> **YOUR INSTRUCTIONS**: Please restate each line of the data below exactly. Omit all images.

Caption-style text data:
((

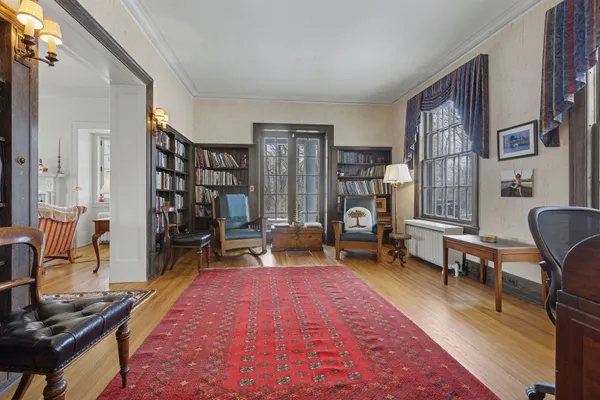 $4,350,000 | 3215 West Dobson Place, Ann Arbor, MI 48105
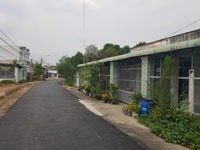 Bán đất Tân Thông Hội Lê Minh Nhựt Gía 13 triệu 5x27 Bán đất Tân Thông Hội Lê Minh Nhựt Gía 13 triệu 5x27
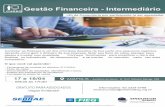 Gestão Financeira - Intermediário CURSO +2h de Consultoria ...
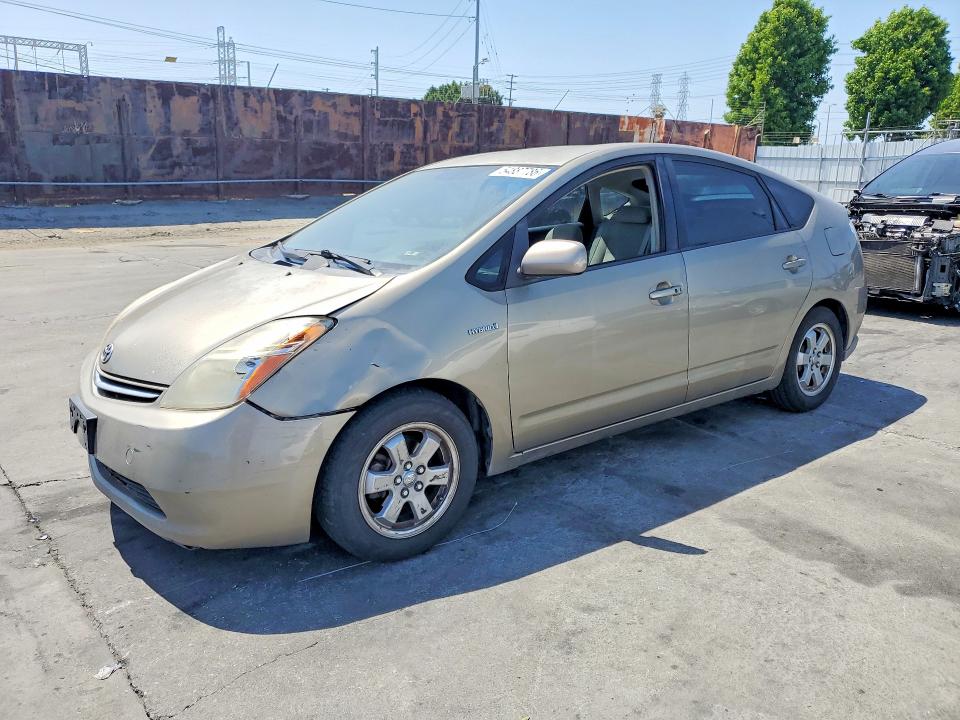 54887786 :رقم المزاد ، JTDKB20U873244618 vin ، 2007 Toyota Prius مزاد بيع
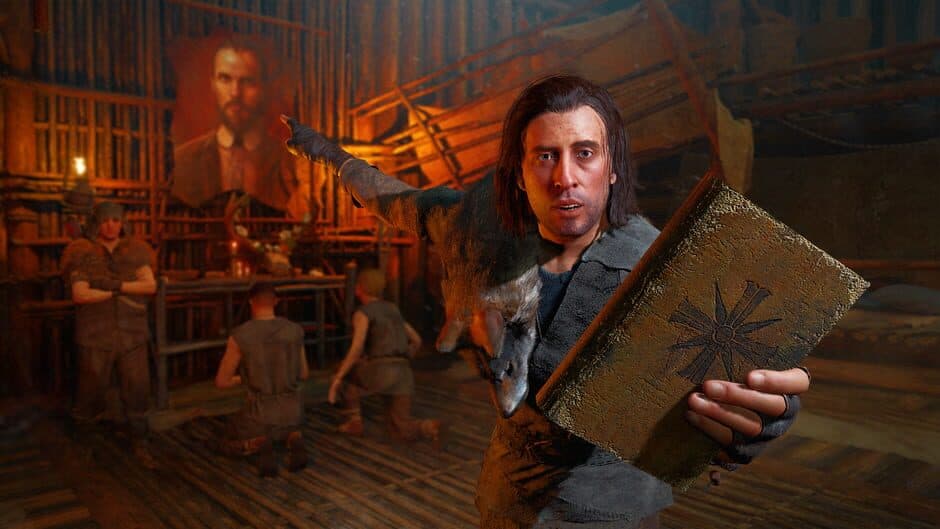 Far Cry® New Dawn screenshot 4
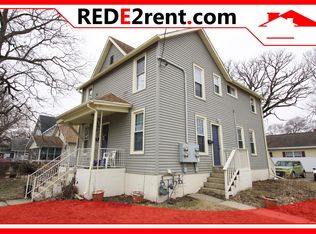 1620 Keeler Ave, Beloit, WI 53511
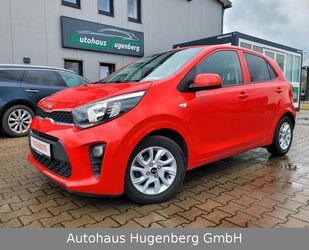 Kia Kia Picanto Dream Team Sitz-&Lenkradheizung Gebrauchtwagen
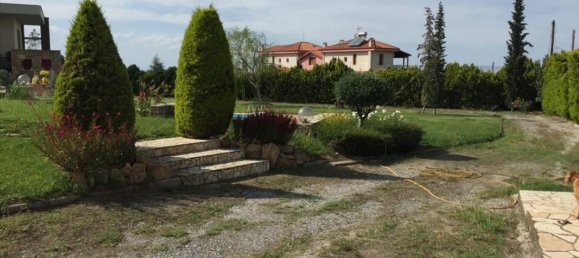 5 Schlafzimmer Villa in Thessaloniki, Greece, Nr. 1358 14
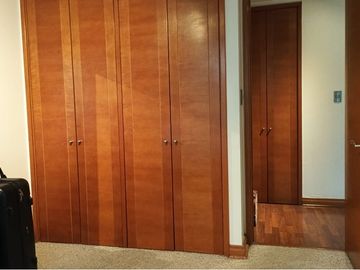 VENTA DEPARTAMENTO LAS CONDES PARQUE ITALIANO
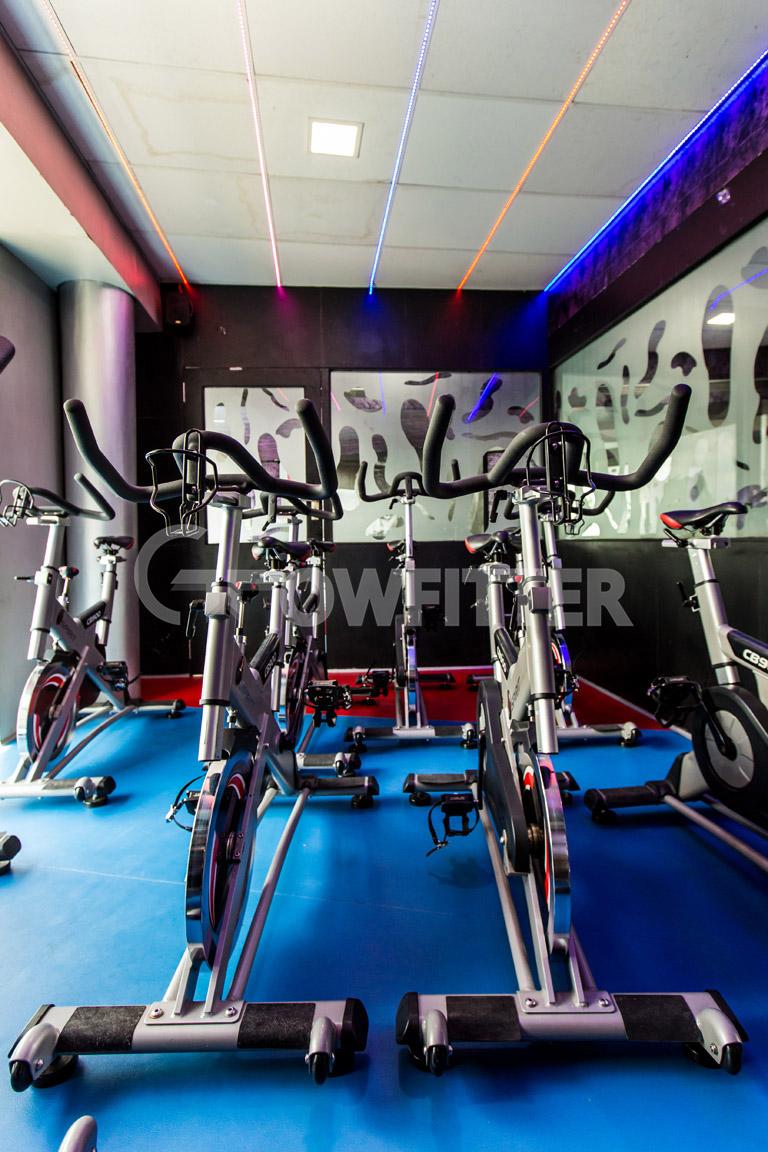 Chisel Fitness Bellandur Bangalore Gym Membership Fees, Timings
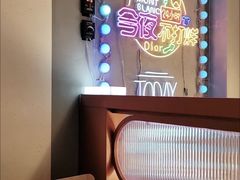 -798烧烤工厂(太和路店)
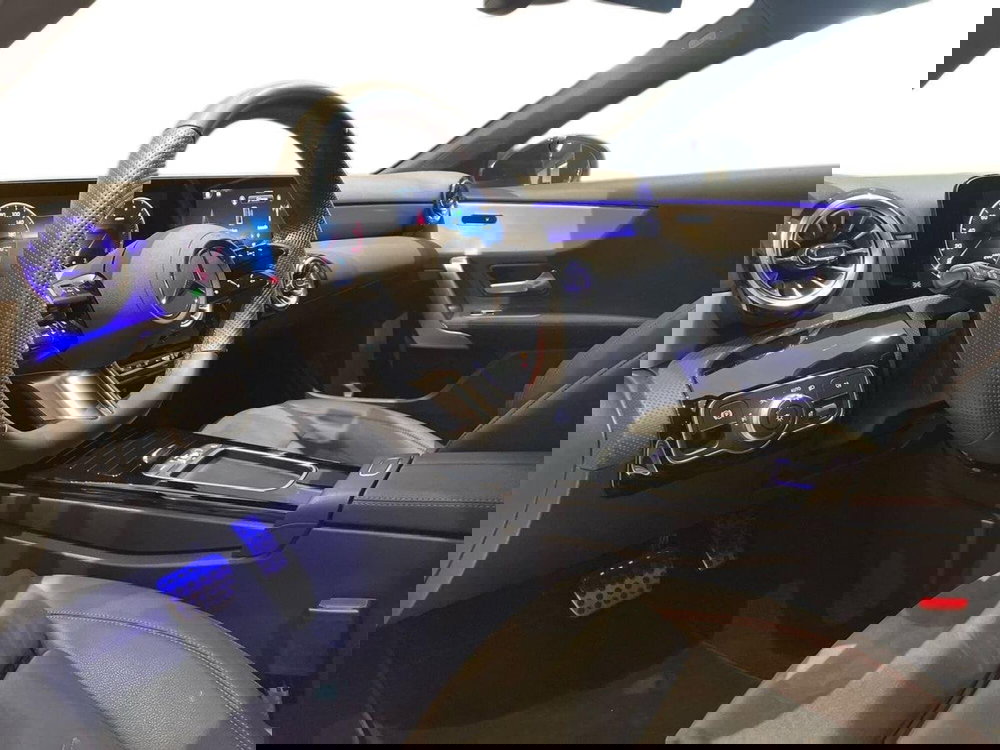 Mercedes-Benz Classe A usata a Firenze (10)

))

> **EXPECTED OUTPUT**:
 $4,350,000 | 3215 West Dobson Place, Ann Arbor, MI 48105
 Bán đất Tân Thông Hội Lê Minh Nhựt Gía 13 triệu 5x27 Bán đất Tân Thông Hội Lê Minh Nhựt Gía 13 triệu 5x27
 Gestão Financeira - Intermediário CURSO +2h de Consultoria ...
 54887786 :رقم المزاد ، JTDKB20U873244618 vin ، 2007 Toyota Prius مزاد بيع
 Far Cry® New Dawn screenshot 4
 1620 Keeler Ave, Beloit, WI 53511
 Kia Kia Picanto Dream Team Sitz-&Lenkradheizung Gebrauchtwagen
 5 Schlafzimmer Villa in Thessaloniki, Greece, Nr. 1358 14
 VENTA DEPARTAMENTO LAS CONDES PARQUE ITALIANO
 Chisel Fitness Bellandur Bangalore Gym Membership Fees, Timings
 -798烧烤工厂(太和路店)
 Mercedes-Benz Classe A usata a Firenze (10)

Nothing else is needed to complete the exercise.